The decision to appeal is a key moment for the Biden-era Justice Department under Attorney General Merrick Garland, and is sure to disappoint many Trump opponents who had hoped the latest release would reveal damaging information about the former President and his attorney general. In the court filings Monday, arguing that most of the memo should remain out of public view, Garland’s department defended some of the actions taken by the department under Barr.
The unredacted portions that were revealed late Monday night — which span two pages — mostly contained bureaucratic explanations of why the memo was written, and did not include the section where Trump’s conduct was analyzed through a prosecutorial decision-making process.
Top Trump appointees told Barr in the memo that the Mueller report’s “failure to take a position” on whether to charge Trump “might be read to imply such an accusation if the confidential report were released to the public” and that “therefore, we recommend that you examine the Report to determine whether prosecution would be appropriate,” according to the newly released portions.
The Justice Department filed a notification Monday night saying it would appeal Jackson’s decision. In a separate filing, the department said previous assertions by top prosecutors and officials were not clear enough, but maintained that it had not intentionally deceived the court.

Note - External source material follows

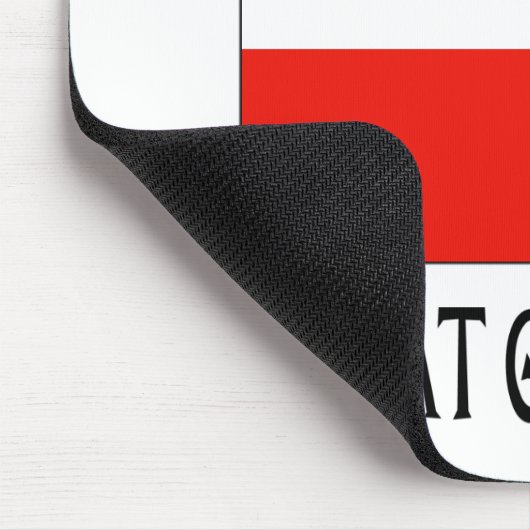 Proud Poolse grootmoeder Muismat (Hoek)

“In retrospect, the government acknowledges that its briefs could have been clearer, and it deeply regrets the confusion that caused. But the government’s counsel and declarants did not intend to mislead the Court,” Justice Department officials wrote in the court filing Monday night.
The appeal by the Justice Department doesn’t necessarily mean that the Biden administration fully supports what the Trump administration did regarding the memo. This specific case is about the Mueller probe, but the ruling could influence other public records cases. Justice Department leaders under presidents of both parties have fought for decades to keep internal documents secret.
The legal battle over the nine-page memo from March 2019 is part of an ongoing Freedom of Information Act lawsuit brought by Citizens for Responsibility and Ethics in Washington, a government watchdog group that was extremely critical of the Trump administration.